"It feels like I'm starting over," Jessica Lea Mayfield tells me, sipping a morning Coca-Cola on a couch in her publicist's office in Manhattan. "It felt like I had the pause button hit on my life, and someone just hit play." The singer-songwriter is explaining the awakenings that led to her fourth studio album, Sorry Is Gone. She gets excited about the little things these days and mimics how she thinks she must sound: "It's a butterfly! It's a dog! It's a Coca-Cola! I'm appreciative of everything a psychotic amount. I'm just thankful to be alive. I'm alive, and drinking this Coke. It's weird to be emotionally comfortable, and also to have such an overwhelming amount of appreciation. In spite of where it came from, I'm glad I have it."
In July, Mayfield took to her Instagram to reveal that she'd been hospitalized to have surgery on her shoulder, which had been broken during a domestic-violence incident. In the post, she wrote, "My silence helps no one except the person who did this to me." Because of ongoing legal issues, Mayfield has asked that certain details remain private. However, she does want to talk about the ways that her life and her lyrics dovetail in hopes that the music will become a site for healing. Sorry Is Gone is clamorous and dynamic, reflective of Mayfield's rare gift of seeming equally steady and chameleonic from album to album.

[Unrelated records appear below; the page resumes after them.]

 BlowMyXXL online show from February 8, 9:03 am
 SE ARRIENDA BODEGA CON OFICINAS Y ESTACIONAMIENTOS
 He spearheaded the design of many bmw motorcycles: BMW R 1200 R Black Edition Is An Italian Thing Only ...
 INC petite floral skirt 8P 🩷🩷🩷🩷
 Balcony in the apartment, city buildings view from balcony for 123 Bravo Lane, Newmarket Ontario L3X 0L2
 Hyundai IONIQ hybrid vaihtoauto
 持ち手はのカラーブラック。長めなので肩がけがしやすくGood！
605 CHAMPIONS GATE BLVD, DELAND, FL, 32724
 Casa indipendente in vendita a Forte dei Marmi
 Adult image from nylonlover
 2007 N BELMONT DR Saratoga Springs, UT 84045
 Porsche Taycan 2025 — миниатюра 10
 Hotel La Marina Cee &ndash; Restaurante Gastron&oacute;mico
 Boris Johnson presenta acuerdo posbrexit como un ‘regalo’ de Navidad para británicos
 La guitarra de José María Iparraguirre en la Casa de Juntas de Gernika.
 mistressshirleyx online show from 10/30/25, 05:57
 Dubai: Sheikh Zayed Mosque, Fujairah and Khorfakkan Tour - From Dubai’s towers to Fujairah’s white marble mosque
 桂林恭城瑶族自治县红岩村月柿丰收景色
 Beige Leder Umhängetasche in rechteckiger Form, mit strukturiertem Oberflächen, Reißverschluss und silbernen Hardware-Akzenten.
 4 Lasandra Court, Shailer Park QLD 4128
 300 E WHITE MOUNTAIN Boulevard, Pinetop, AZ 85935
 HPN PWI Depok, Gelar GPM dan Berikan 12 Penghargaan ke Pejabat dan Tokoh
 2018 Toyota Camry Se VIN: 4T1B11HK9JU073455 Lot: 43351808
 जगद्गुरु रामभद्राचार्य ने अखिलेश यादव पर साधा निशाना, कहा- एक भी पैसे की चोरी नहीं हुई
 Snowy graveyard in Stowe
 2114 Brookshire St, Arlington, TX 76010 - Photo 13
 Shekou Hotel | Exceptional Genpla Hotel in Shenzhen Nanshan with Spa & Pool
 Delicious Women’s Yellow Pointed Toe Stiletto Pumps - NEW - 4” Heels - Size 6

Songs like "Meadow" plead for privacy ("I'm afraid of the party, please leave me alone") while becoming their own loud, thrashing events. The acoustic ballad "Safe 2 Connect 2," the album's jarringly delicate center, was one of the first songs Mayfield wrote for Sorry Is Gone . Mayfield seems primed to enjoy not only another strong album but to harness its moment in the service of others. She hopes that "if someone reads this and they're still too scared to leave, remember that I left, that I talked about it. I wanted somebody to speak up for me. I wanted someone to make noise, and I realized that had to be me."
Thora Siemsen: I want to commend your bravery in speaking out, and I wish you a continued recovery.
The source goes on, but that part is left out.